> _Your assignment_
Every line below needs to be transcribed without alteration, and no image may be carried over.

> _Given information_

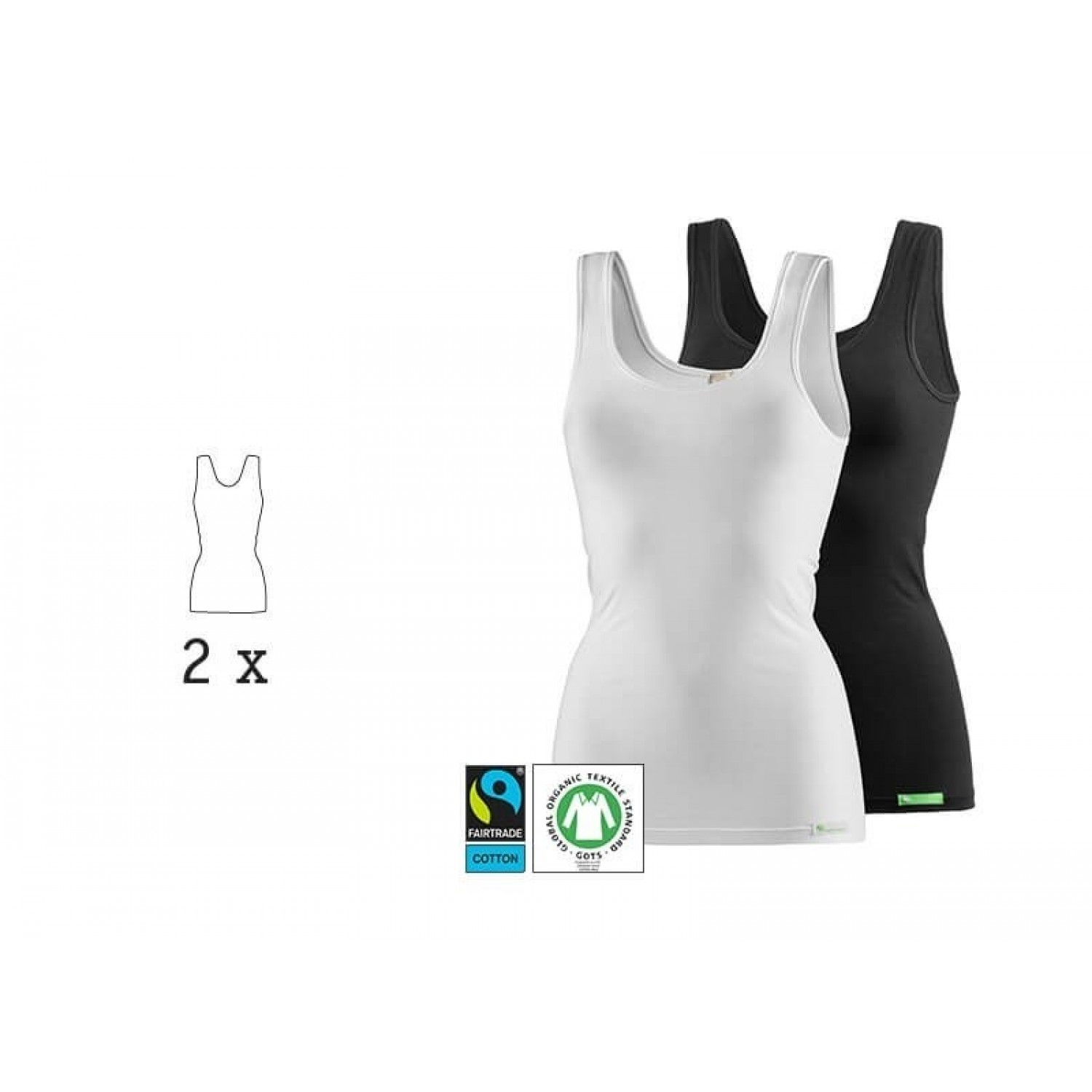 LadyCover Eco Strappy Top & Undershirt, 2 Pack white & black | kleiderhelden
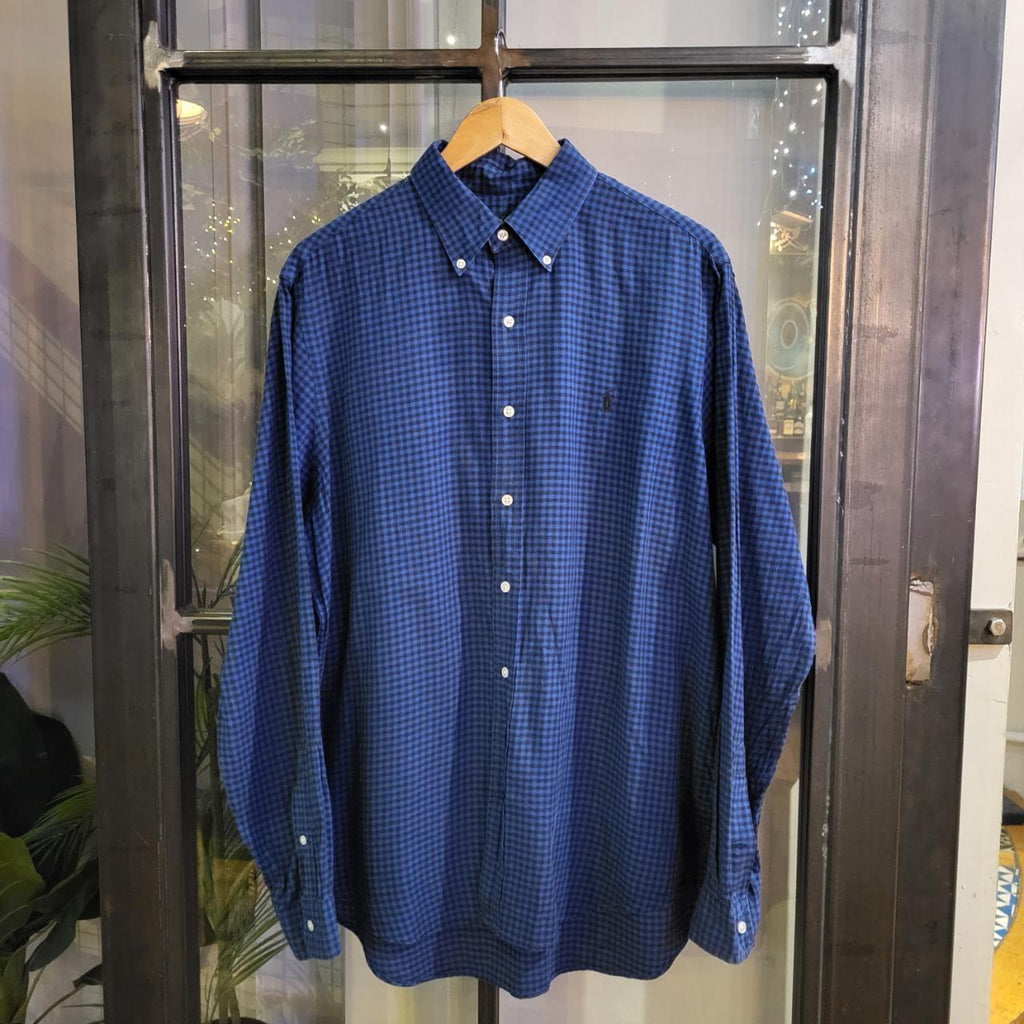 RLS036-P - Vintage Ralph Lauren Navy Blue Checekered Button Up Shirt Longsleeve collared top #Y2K #preppy #smartcasual #golf #oldmoney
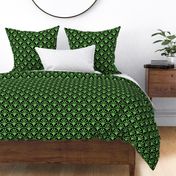 Geometric Pattern: Deco Sunset: Green/Black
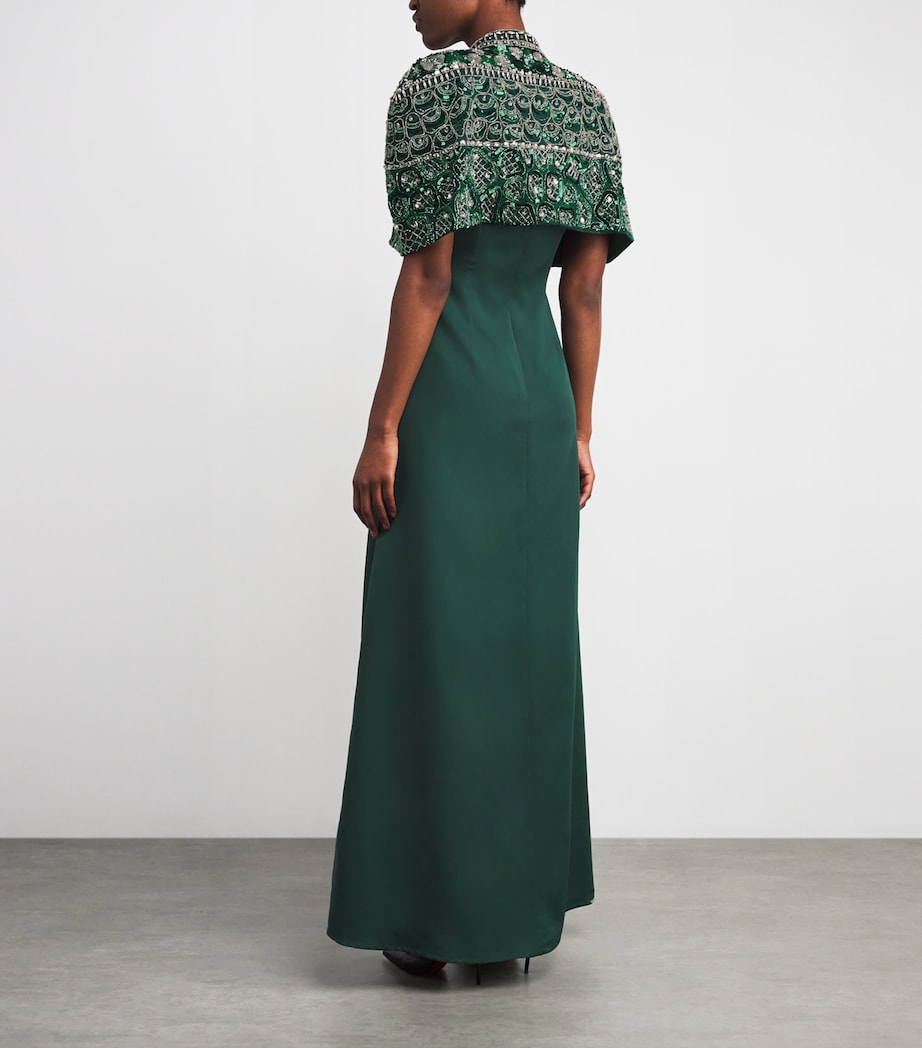 Embellished Cape Beatrice Gown GREEN Image 3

> _Task response_
 LadyCover Eco Strappy Top & Undershirt, 2 Pack white & black | kleiderhelden
 RLS036-P - Vintage Ralph Lauren Navy Blue Checekered Button Up Shirt Longsleeve collared top #Y2K #preppy #smartcasual #golf #oldmoney
 Geometric Pattern: Deco Sunset: Green/Black
 Embellished Cape Beatrice Gown GREEN Image 3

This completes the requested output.